Exercise requirements: Please set down the lines of the listing exactly, from its first line to the line with "Alt view image", leaving the pictures out.
------ Data to process ------
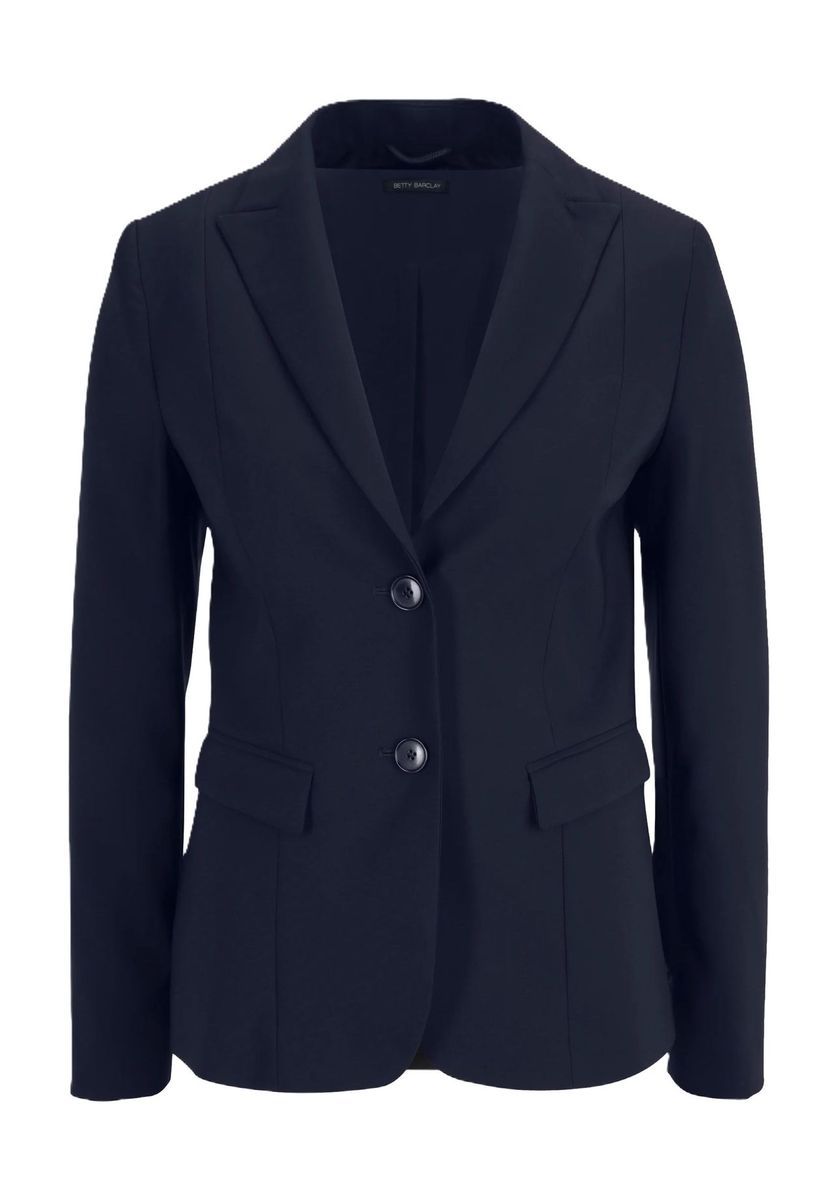 Klassischer taillierter Zwei-Knopf-Blazer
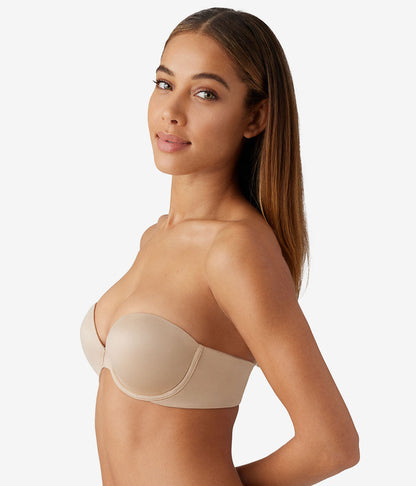 Wacoal Essential - Future Foundation Push Up Strapless Bra - Au Natural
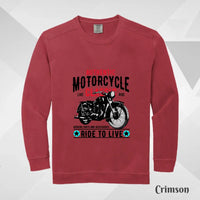 Motorcycle ST & HD Comfort Colors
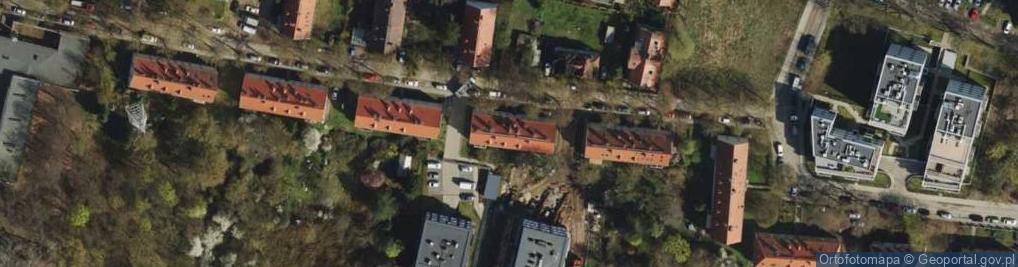 Zdjęcie satelitarne Jerzy Tykwic Maciej Tykwic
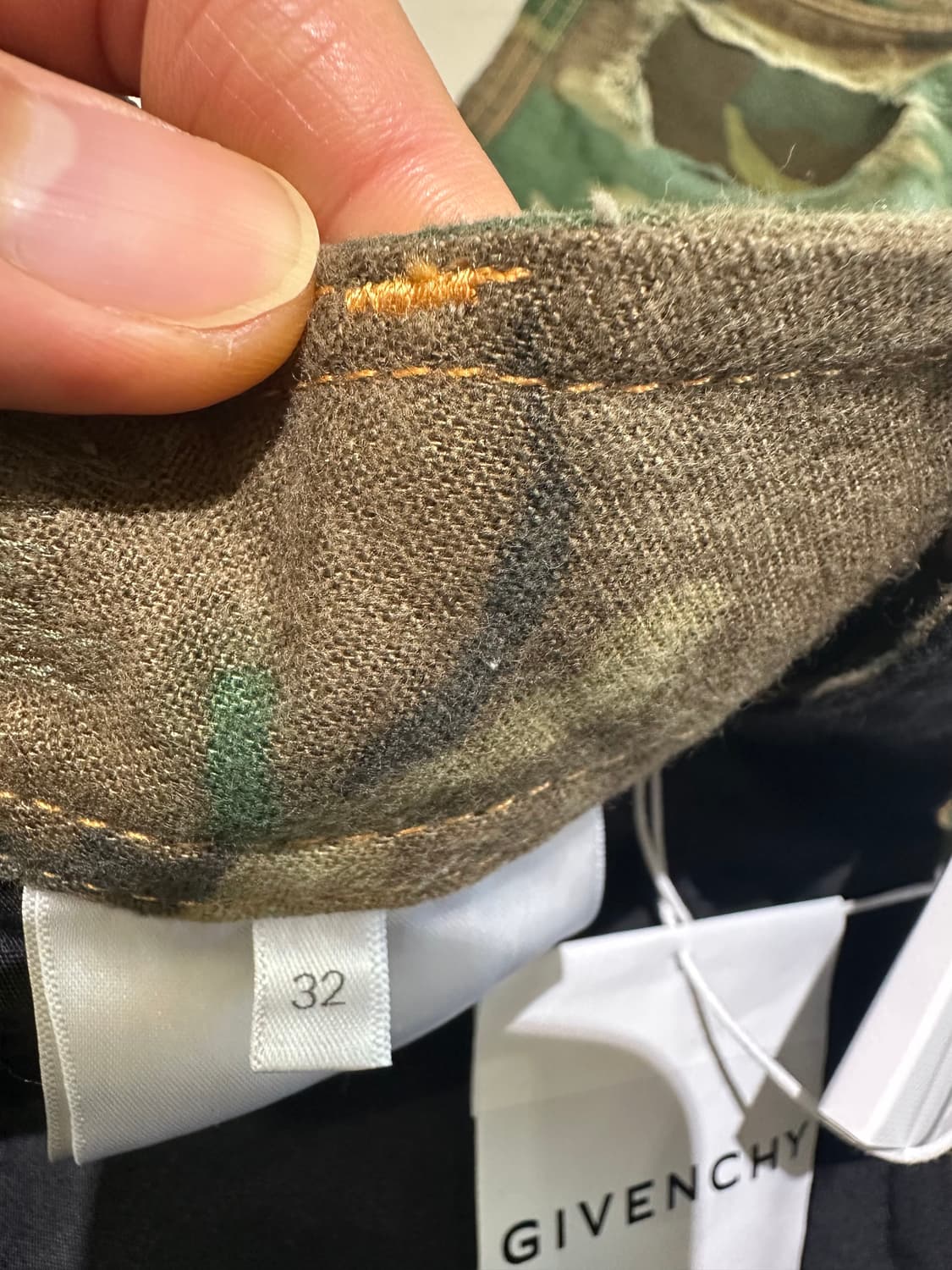 지방시 카모팬츠 상품이미지4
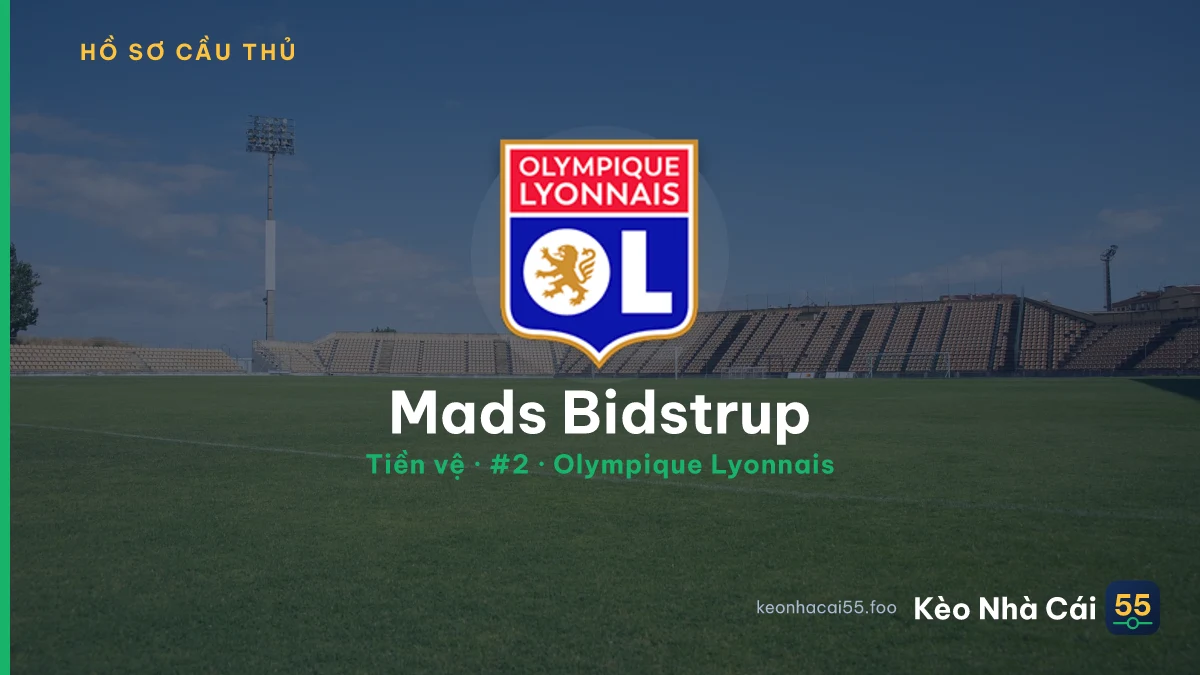 Mads Bidstrup — Olympique Lyonnais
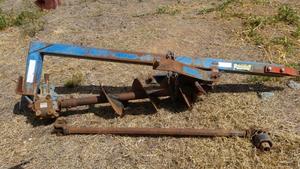 John Berends Post hole auger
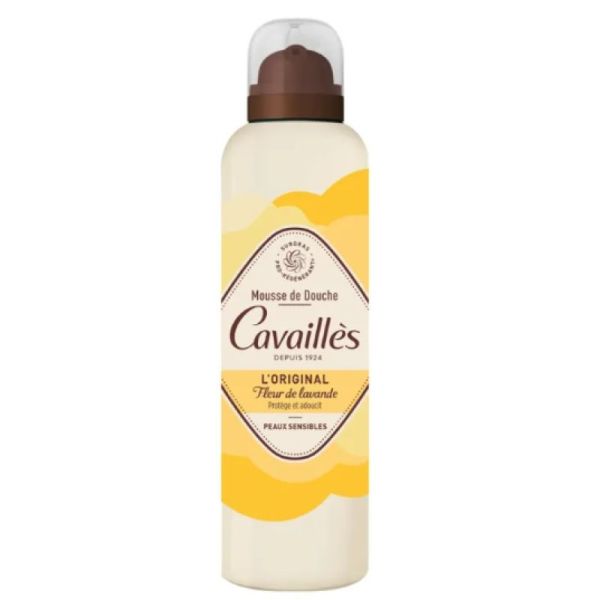 Rogé Cavaillès mousse de douche Fleur de lavande 200ml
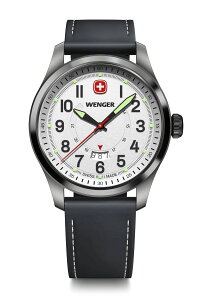 y2000~OFFN[|}\11/11E1:59܂Łz EFK[ WENGER 01.0541.126 eOt 43mm Ki rv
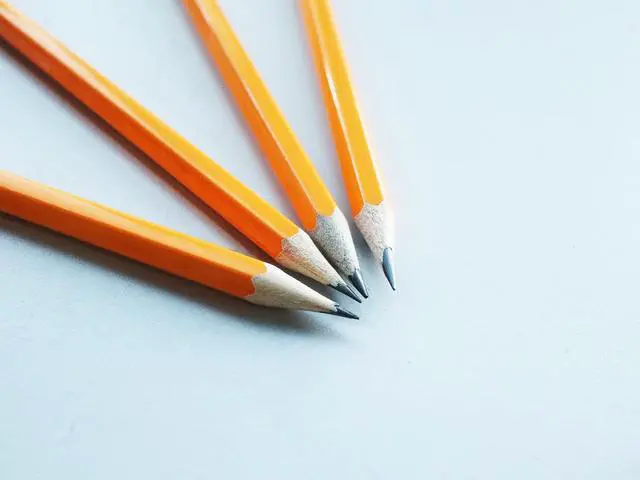Alt view image 3 of 3 - #2 HB Pencils, 600 Count Pre-Sharpened, Wood-Cased Yellow, with Top Erasers, Bulk Box for Classroom Teacher Supplies
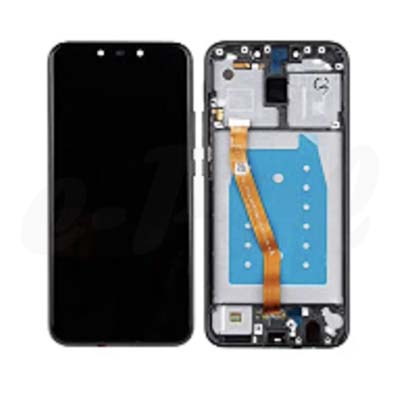 Lcd + Frame Huawei Mate 20 Lite Nero 02352Dkk - Usato Con Segni Di Usura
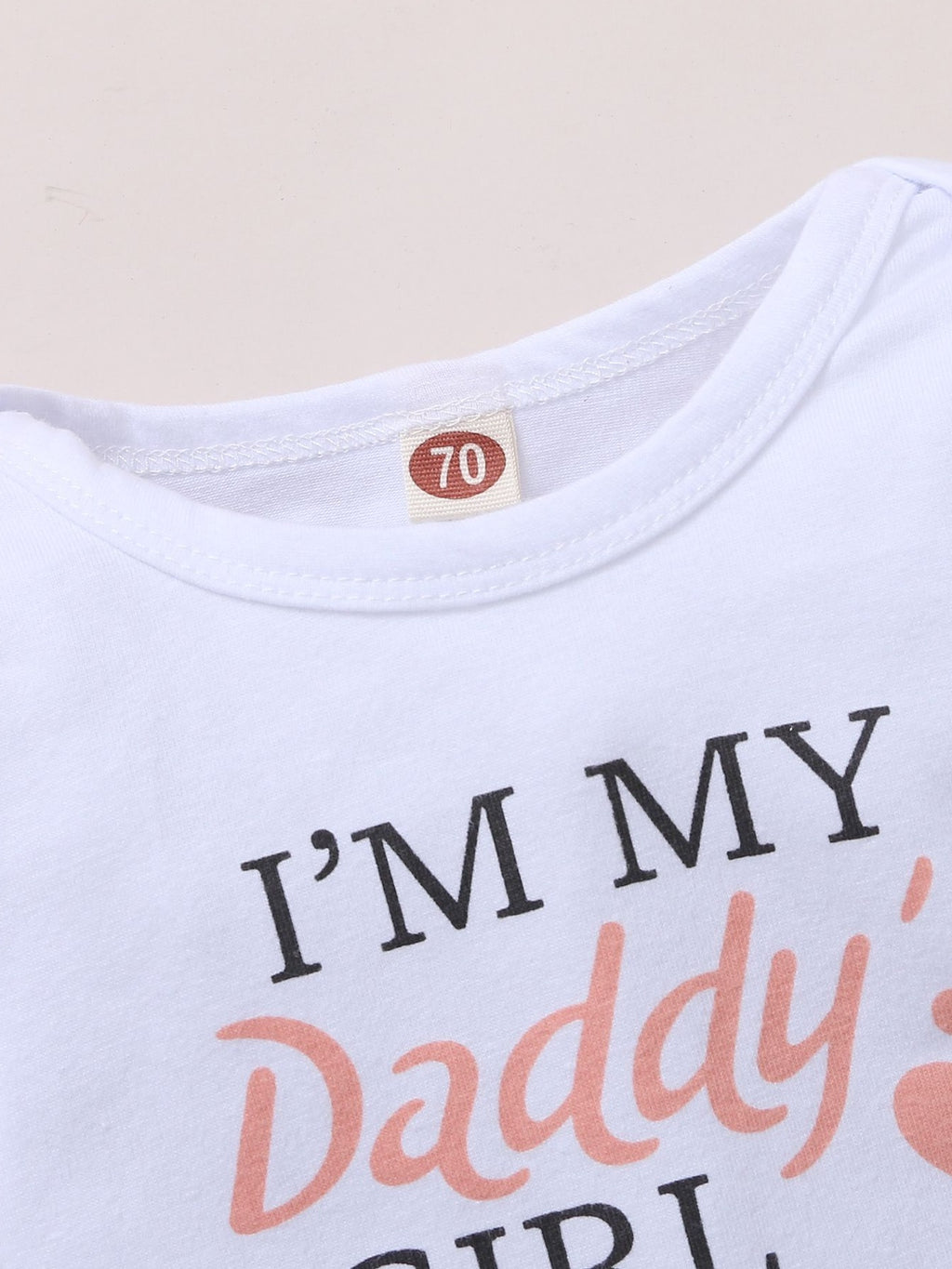 Brynn Style Daddy's Girl floral baby outfit set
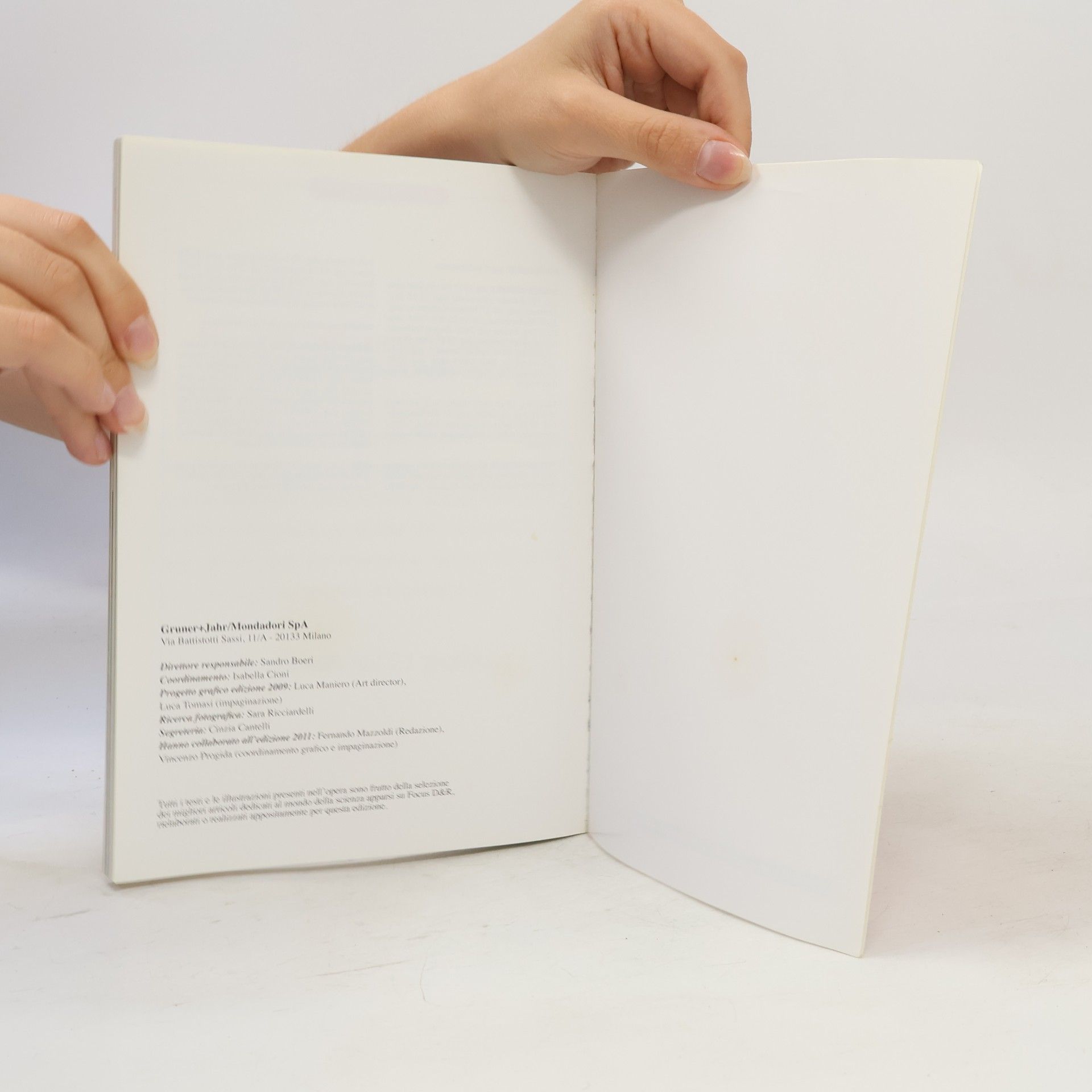 Various authors Focus 100 e più domande e risposte – Scienza di tutti i giorni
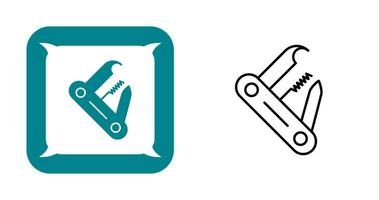 Swiss Army Knife Vector Icon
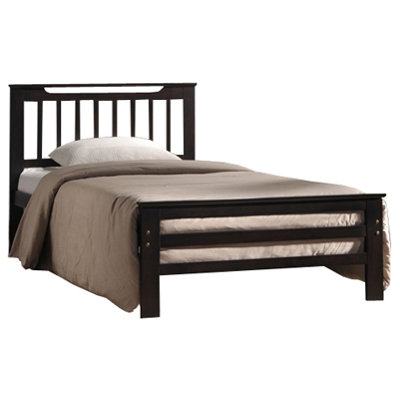 Panel Bed by Hazelwood Home -image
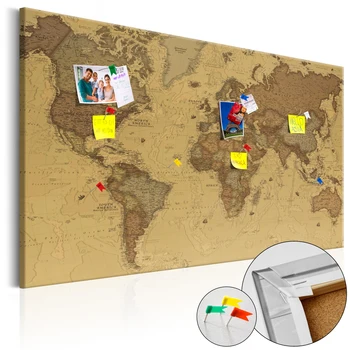 

Pictures of Cork-Ancient World Map [Cork Map] - 90x60 cm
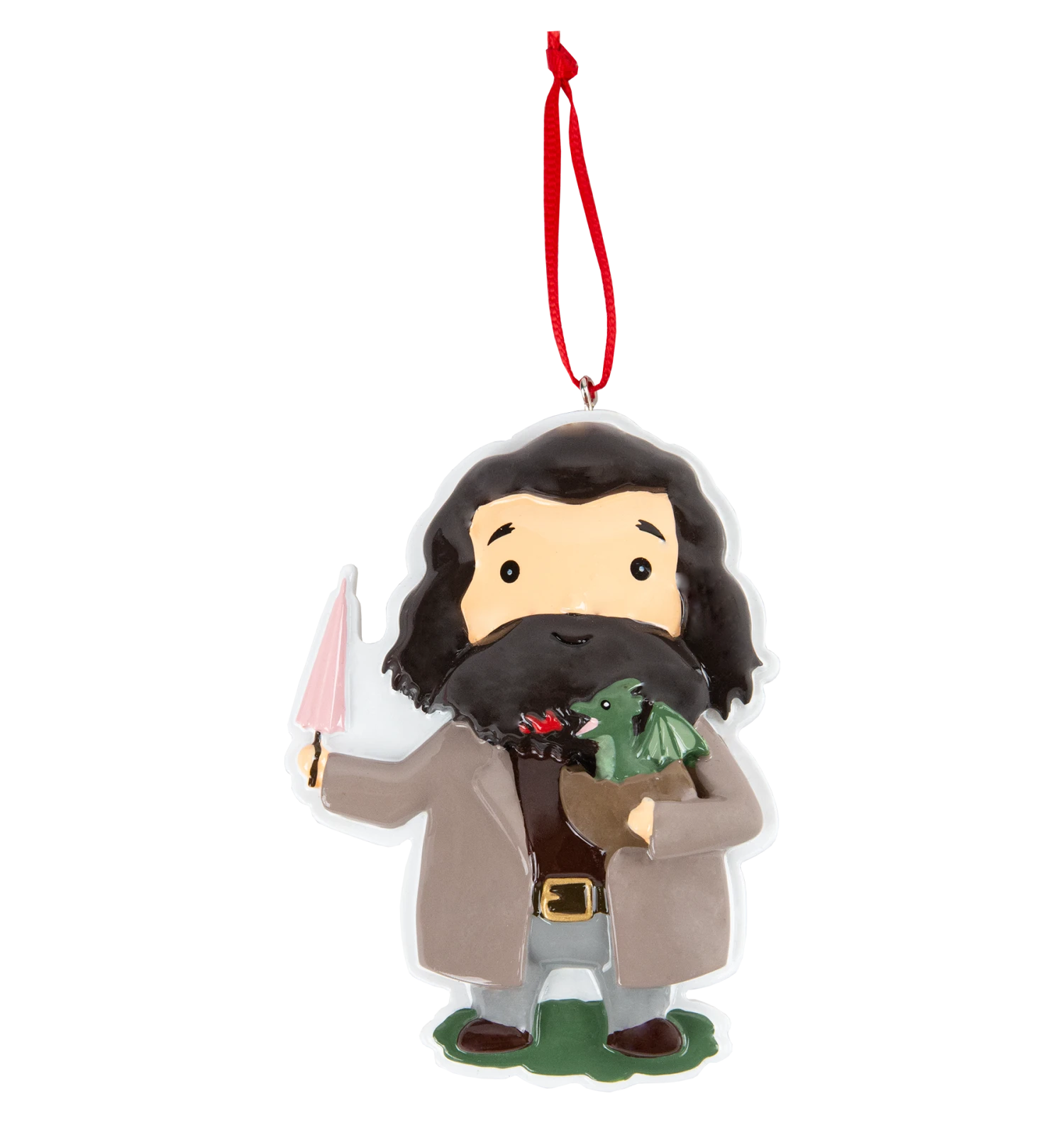 Warner Bros Rubeus Hagrid Ornament 1 Warner Bros Rubeus Hagrid Ornament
------
Task answer:
 Klassischer taillierter Zwei-Knopf-Blazer
 Wacoal Essential - Future Foundation Push Up Strapless Bra - Au Natural
 Motorcycle ST & HD Comfort Colors
 Zdjęcie satelitarne Jerzy Tykwic Maciej Tykwic
 지방시 카모팬츠 상품이미지4
 Mads Bidstrup — Olympique Lyonnais
 John Berends Post hole auger
 Rogé Cavaillès mousse de douche Fleur de lavande 200ml
 y2000~OFFN[|}\11/11E1:59܂Łz EFK[ WENGER 01.0541.126 eOt 43mm Ki rv
Alt view image 3 of 3 - #2 HB Pencils, 600 Count Pre-Sharpened, Wood-Cased Yellow, with Top Erasers, Bulk Box for Classroom Teacher Supplies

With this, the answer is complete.